Giulio Rossetti

Finance and Econometrics PhD Candidate
WBS | University of Warwick

CV

About me

I am a PhD candidate in Finance and Econometrics at the University of Warwick – Warwick Business School.

My research interests are in Empirical Asset Pricing and Financial Econometrics.

My supervisors are Cesare Robotti and Philippe Mueller.

Research

Working papers

We argue that the documented large abnormal returns to investors from corporate bond anomalies such as return reversals and momentum mainly stem from ignoring market microstructure noise in transaction-based bond prices and relying on ad hoc return winsorization. To address these issues, we construct bond data that is largely free of microstructure noise and closely mimics industry-grade quote data. We revisit prior findings in the literature and provide conclusive evidence that return-based anomalies, once properly constructed, generate negligible average returns and alphas. Finally, we show that the considered return-based factors (and their underlying signals) are not related to average bond returns.

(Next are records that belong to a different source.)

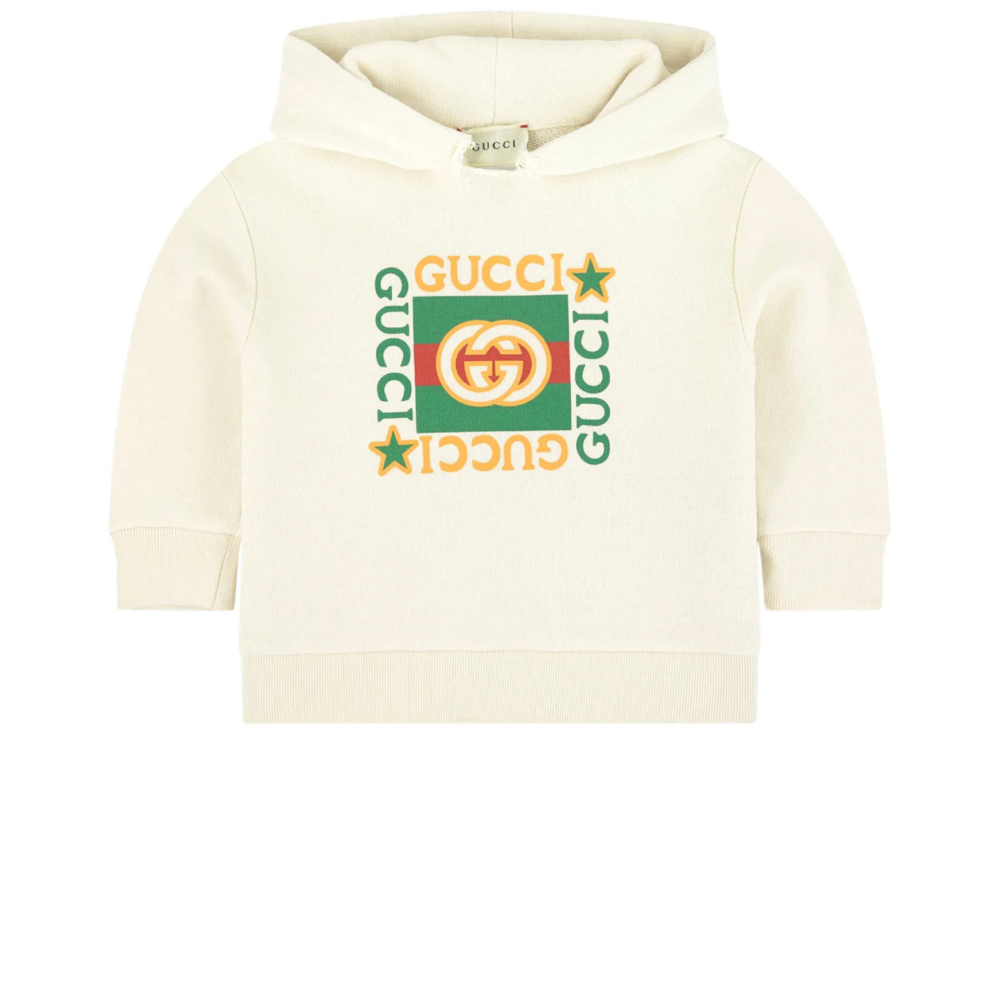 Baby Boys & Girls White GG Cotton Hoodie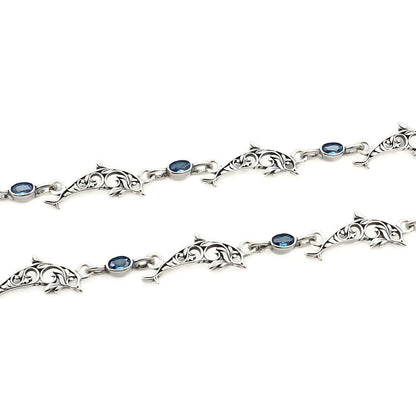 Trendy Dolphin 925 Sterling Silver Blue CZ Oxidised payal Anklet Pair 10.8"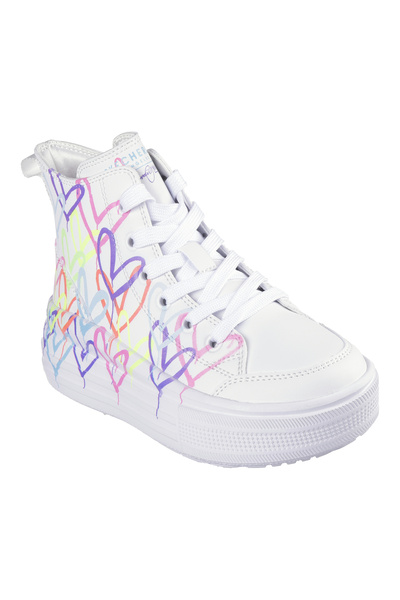 SKECHERS Bascheti copii fete HYPERLIFT LOVE DAZE 314075L-WHITE/MULTICOLOR-35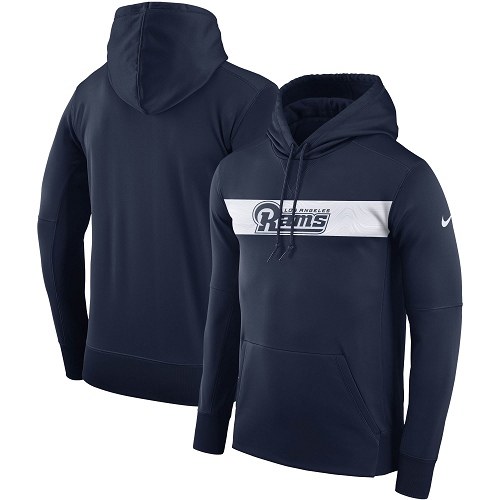 Men's Los Angeles Rams Nike Navy Sideline Team Performance Pullover Hoodie Men's Los Angeles Rams Nike Navy Sideline Team Performance Pullover Hoodie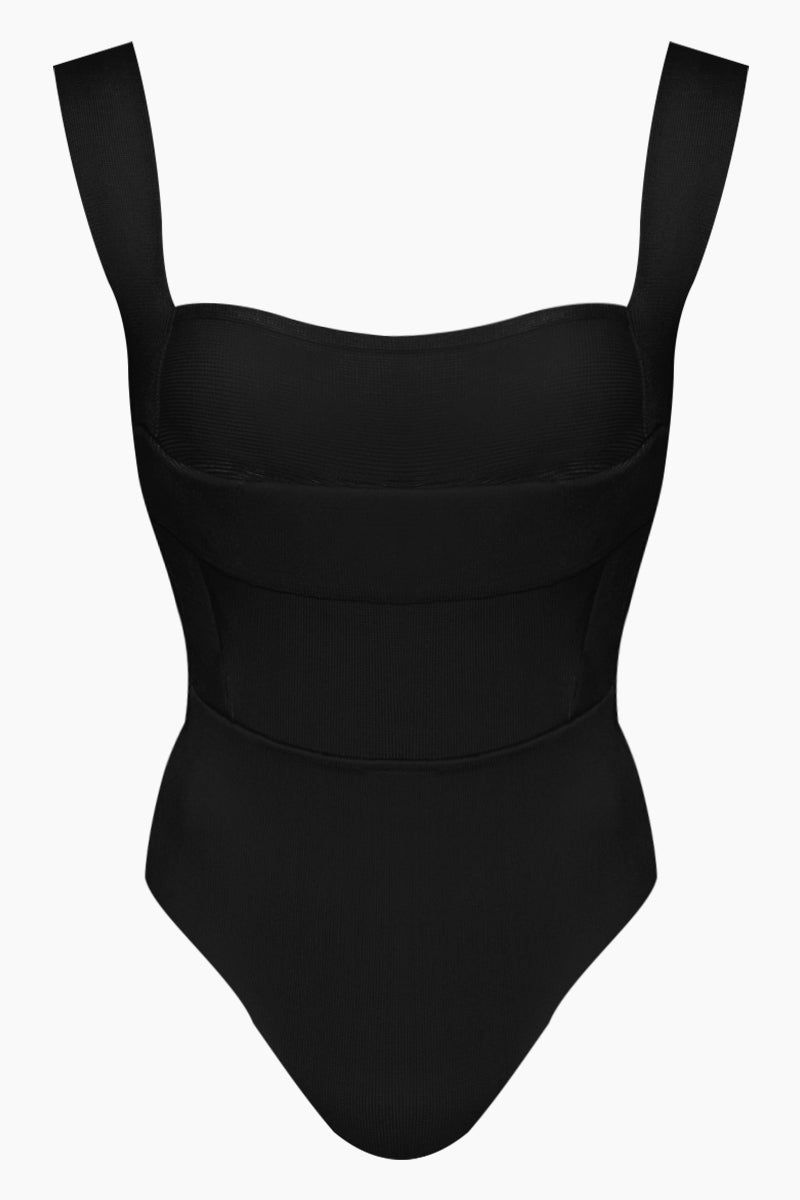 black square neck one piece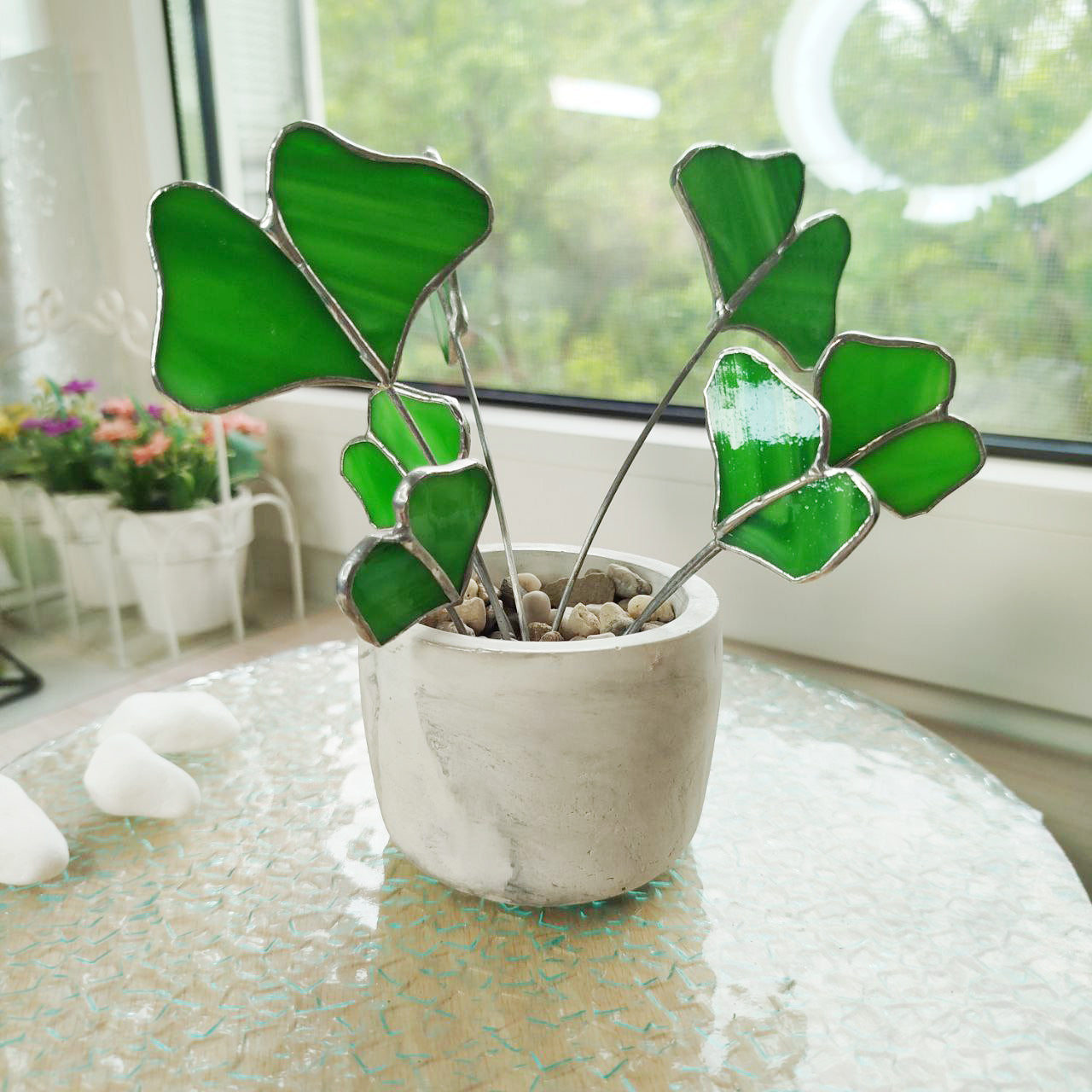Ginko stained glass Table Decor Suncatcher mothers day gift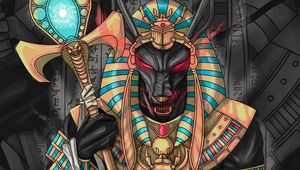 Preview wallpaper wolf, pharaoh, art, ancient egypt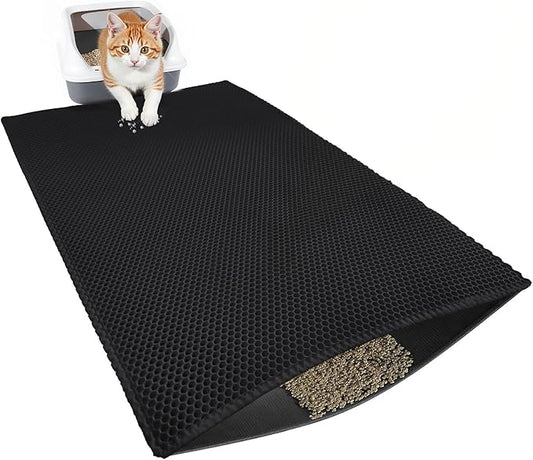 Cat Litter Mat, Cat Litter Trapping Mat, 47.2''x27.6''Inch, Double Layer Waterproof Proof Litter Box mat, Non-Slip Design, Reduces Litter Scatter, Easy to Clean, Black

We study the size and power properties of t-tests of parameter restrictions for newly- designed methods that aim at reliably estimating risk premia in linear asset pricing models when the cross-sectional dimension is large. By simulating a variety of empirically calibrated data generating processes for sample sizes that are typically en- countered in empirical work, we evaluate the finite-sample performance of the test statistics for scenarios where the factor structure is (i) strong and pervasive; (ii) spurious; (iii) weak/semi-strong and pervasive; (iv) weak/semi-strong and not pervasive; and (v) sparse. PCA-based methods such as those of Lettau and Pelger (2020), Giglio and Xiu (2021), and Giglio et al. (2022) work best when the factors are strong and pervasive, and they continue to exhibit good finite-sample properties when the factors are spurious. However, when the factor structure is semi-strong and pervasive, the split-sample estimator of Anatolyev and Mikusheva (2021) performs substantially better than the PCA-based estimators listed above. In the case of sparse loadings or when the factors are semi-strong and not pervasive, none of the candidate methods displays satisfactory finite-sample properties.

Work in progress

We explore predictability in US Treasuries bonds and assess the forecast accuracy of different statistical methodologies used to extract information from a large panel of macroeconomic indicators. Finally, we show that deviations from past realizations of macroeconomic indicators do not help improve the accuracy of forecasts of excess bond returns in the US Treasury market.